Aussi glaciale et déshumanisée que la mise en scène de Michael Haneke, en 2006, à l’Opéra National de Paris – l’action avait été transposée dans les bureaux d’une société du quartier de La Défense –, la tragédie s’enracine ici dans un hôtel aseptisé, comme on en trouve dans la plupart de nos métropoles ultramodernes. Chambre, couloirs, ascenseur, accueil, terrasse, arrière-cour… Les décors de Dick Bird apparaissent ou disparaissent pour coller à l’esthétique futuriste et aux procédés cinématographiques, revendiqués par cette lecture.
Homme d’affaires (?) crapuleux, Don Giovanni – accompagné de son secrétaire (et homme de main) Leporello – vient de passer une soirée orgiaque quand, chassé de sa chambre en désordre au petit jour, il tombe sur Donna Anna, éméchée. Sans hésitation, il pousse la jeune femme sur son lit pour abuser d’elle, mais celle-ci alerte son père qui, la découvrant à moitié nue, affronte Don Giovanni, qui s’empresse de le tuer.
À partir de cet instant, la vie du meurtrier bascule, chacun de ses gestes, chacune de ses tentatives pour éviter le danger l’entraînant irrémédiablement dans une spirale incontrôlable, dont il ne pourra se libérer.
Cet homme encore alerte, malgré ses cheveux blancs et son léger embonpoint, prend alors tous les risques, se moquant de cette femme qui le poursuit de ses assiduités (Donna Elvira, arrivée à l’hôtel avec ses bagages !), séduisant, aux yeux et à la barbe de son futur époux, une jeune délurée venue là pour fêter ses fiançailles, manquant de se faire tirer dessus, au cours d’une soirée dansante, mais parvenant à s’échapper à temps, en profitant de l’agitation générale.

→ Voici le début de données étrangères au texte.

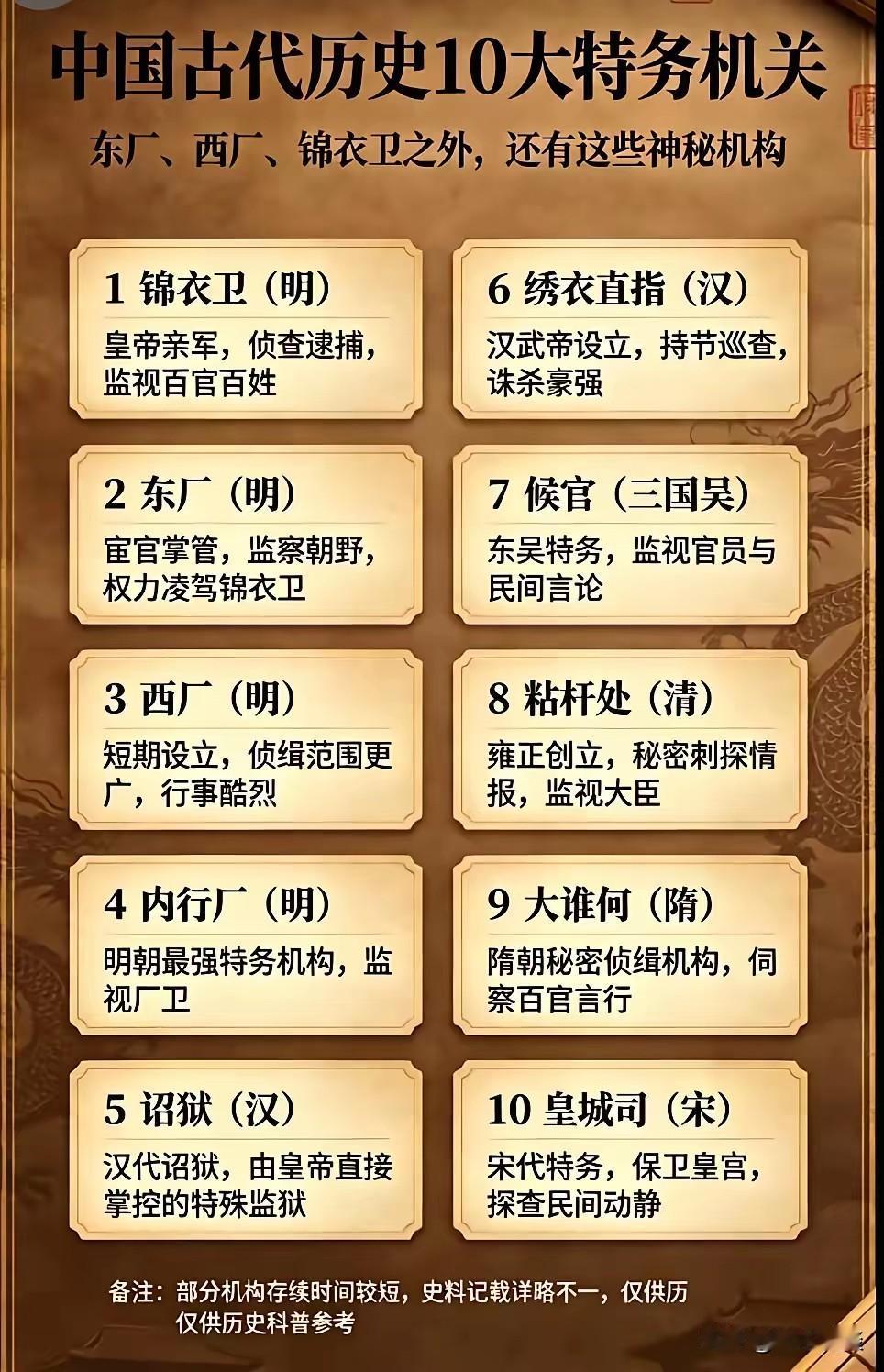 内行厂>西厂﹥东厂﹥锦衣卫>粘竿处，这么排序没问题吧。当然，按知名度来说，锦衣卫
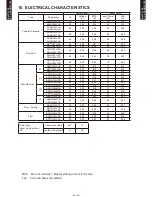 Preview for 143 page of Fujitsu AB*G14LVTA Technical Manual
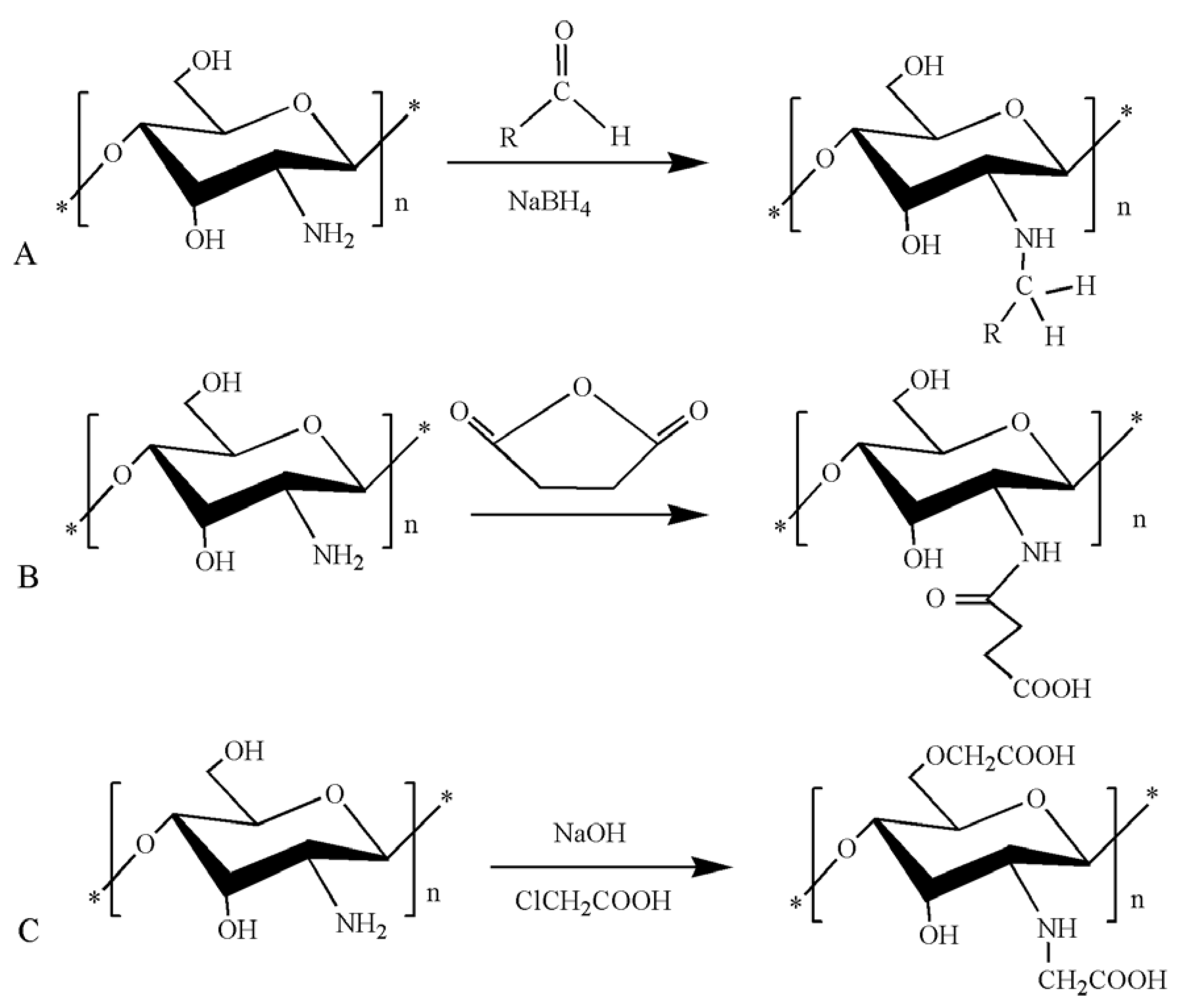 Polymers 10 00462 g001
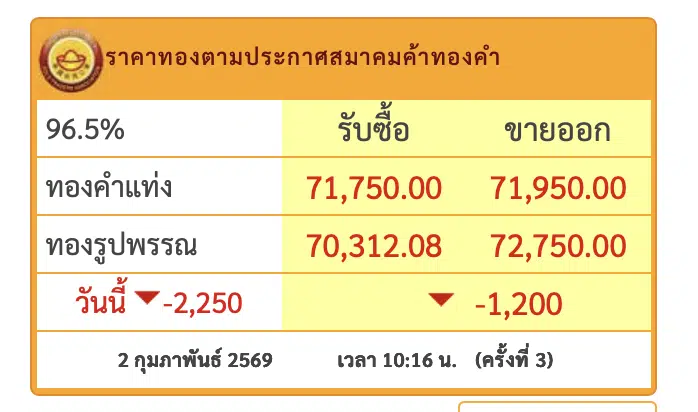 ราคาทองวันนี้ (2/2/69) ร่วงแรง 2,250 บาท ทองคำแท่งขายออกหลุด 7.2 หมื่น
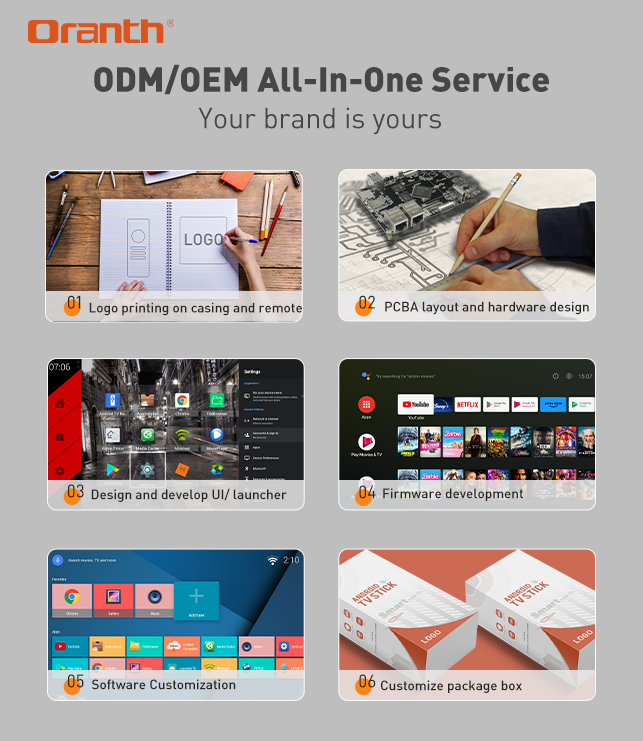 OEM ODM Customization Service Android TV Box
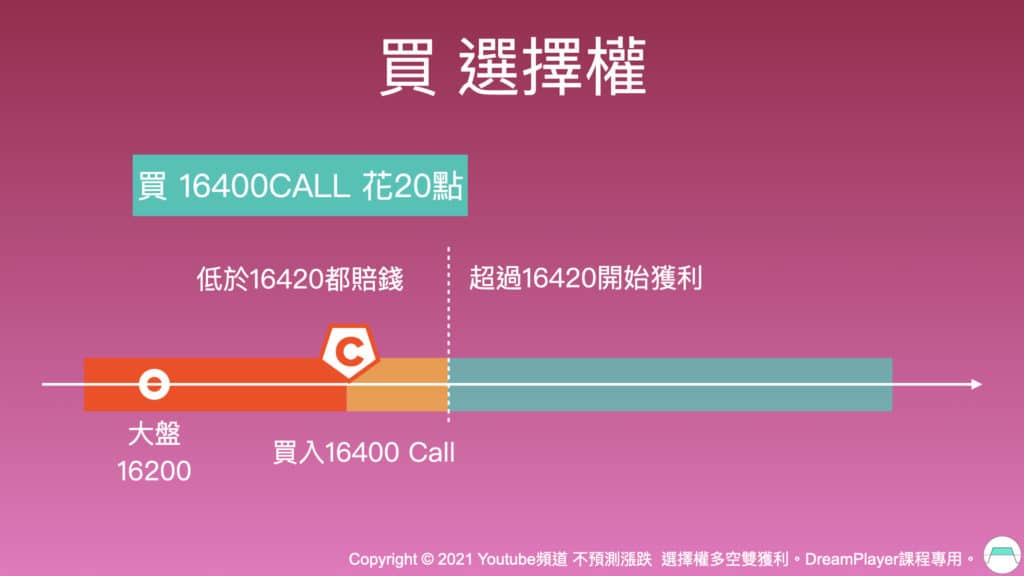 買進選擇權策略圖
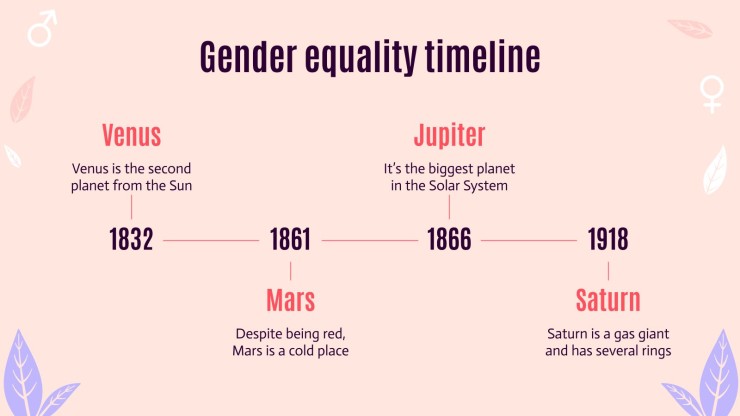 Cours sur l'égalité des sexes Modèles de présentation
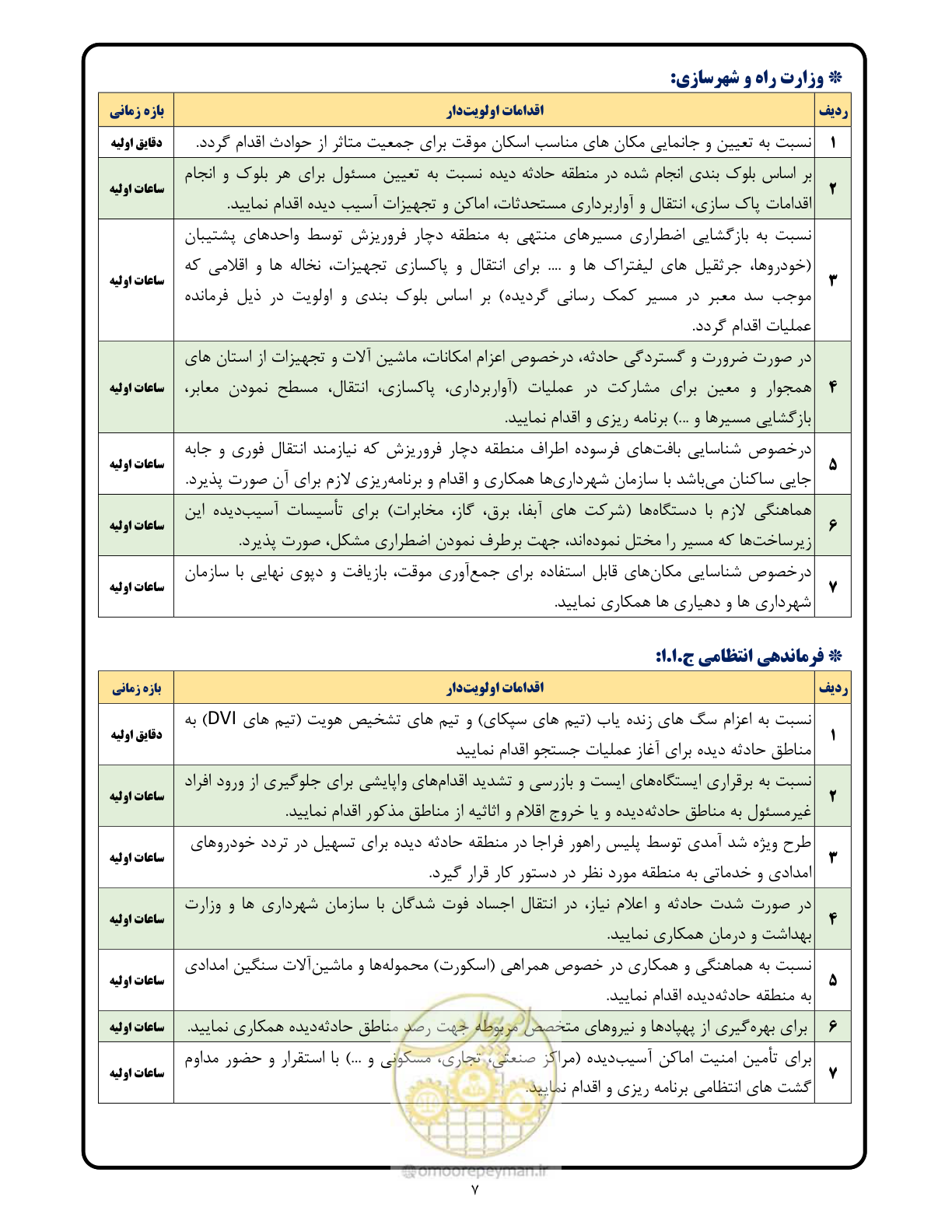 صفحه 7 از 15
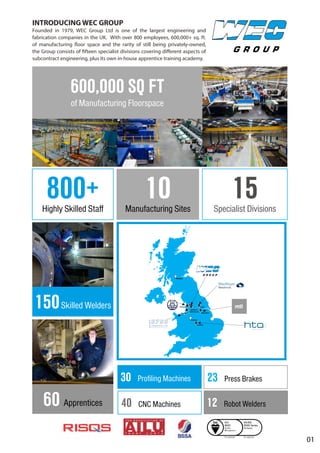 01
FS 606253FS 605930
Glasgow
600,000 SQ FT
of Manufacturing Floorspace
800+Highly Skilled Staff
10Manufacturing Sites
15Specialist Divisions
150Skilled Welders
60 Apprentices
30 Profiling Machines 23 Press Brakes
40 CNC Machines 12 Robot Welders
INTRODUCING WEC GROUP
Founded in 1979, WEC Group Ltd is one of the largest engineering and
fabrication companies in the UK. With over 800 employees, 600,000+ sq. ft.
of manufacturing floor space and the rarity of still being privately-owned,
the Group consists of fifteen specialist divisions covering different aspects of
subcontract engineering, plus its own in-house apprentice training academy.
 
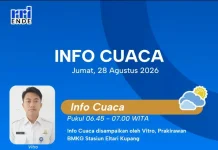 BMKG Imbau Warga Waspada Angin Kencang NTT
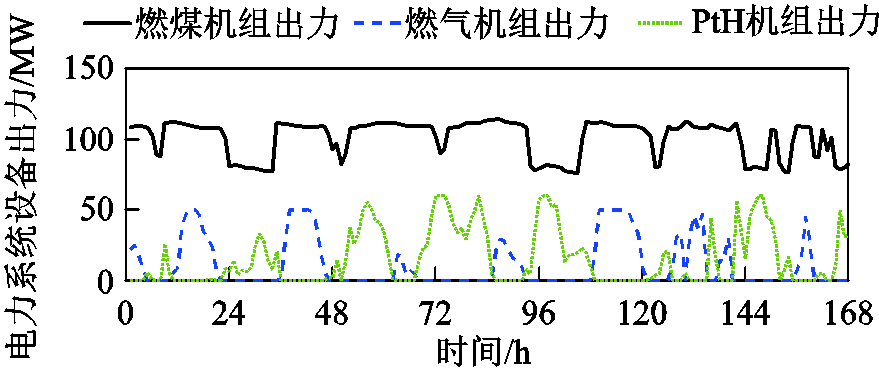 width=192,height=80.25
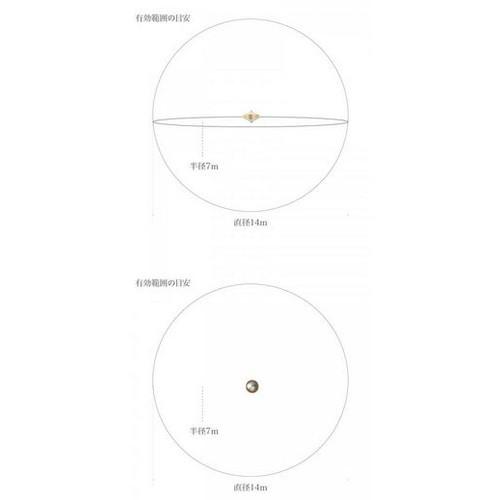 予約商品】カーボンバランサーα シルバーネックレスタイプ 半径7m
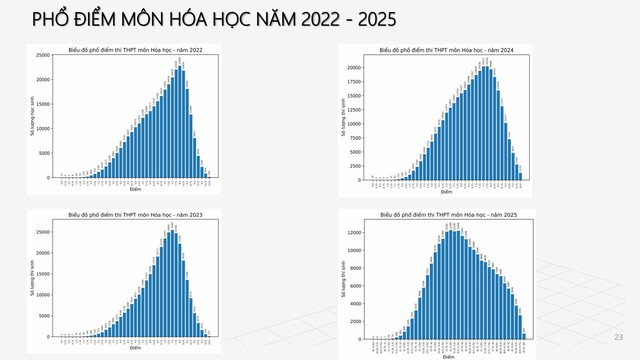 PHỔ ĐIỂM THI TỐT NGHIỆP THPT 2025- Ảnh 19. PHỔ ĐIỂM THI TỐT NGHIỆP THPT 2025- Ảnh 19.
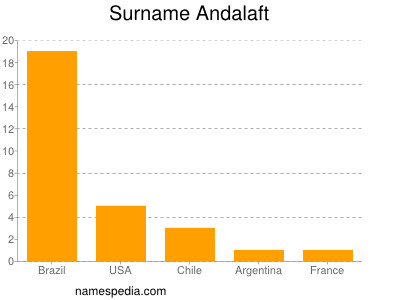 Familiennamen Andalaft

Après avoir régné sur les hauteurs et embrassé du regard l’immensité de la ville, Don Giovanni doit cependant, dans la seconde partie, s’aventurer dans les bas-fonds, caché dans une impasse. Certes, il tient encore les rênes et prend toujours plaisir à humilier Leporello, qu’il force à prendre sa place, se retrouvant, par le plus grand des hasards, face à la dépouille du Commandeur, accrochée dans une chambre froide.
Avant l’ultime châtiment, Don Giovanni regagnera sa chambre, pour gouter une dernière fois aux plaisirs de la chair, avant que le personnel de l’hôtel, bien rodé, ne vienne, comme pendant l’Ouverture, effacer les traces de ses libations.
À la fois débonnaire et sûr de lui, affable et redoutable, Tassis Christoyannis incarne un Don Giovanni revenu de tout, que rien ni personne ne peut saisir. Présent même lorsqu’il tente de se dissimuler, son personnage vampirise chaque scène qui s’enchaîne, comme au cinéma, par de fréquents fondus au noir, adroitement réalisés. Le timbre du baryton grec n’est pas des plus exceptionnels, mais sa diction et son engagement, associés à la décontraction et à la justesse de son jeu, font le prix de cette lecture originale.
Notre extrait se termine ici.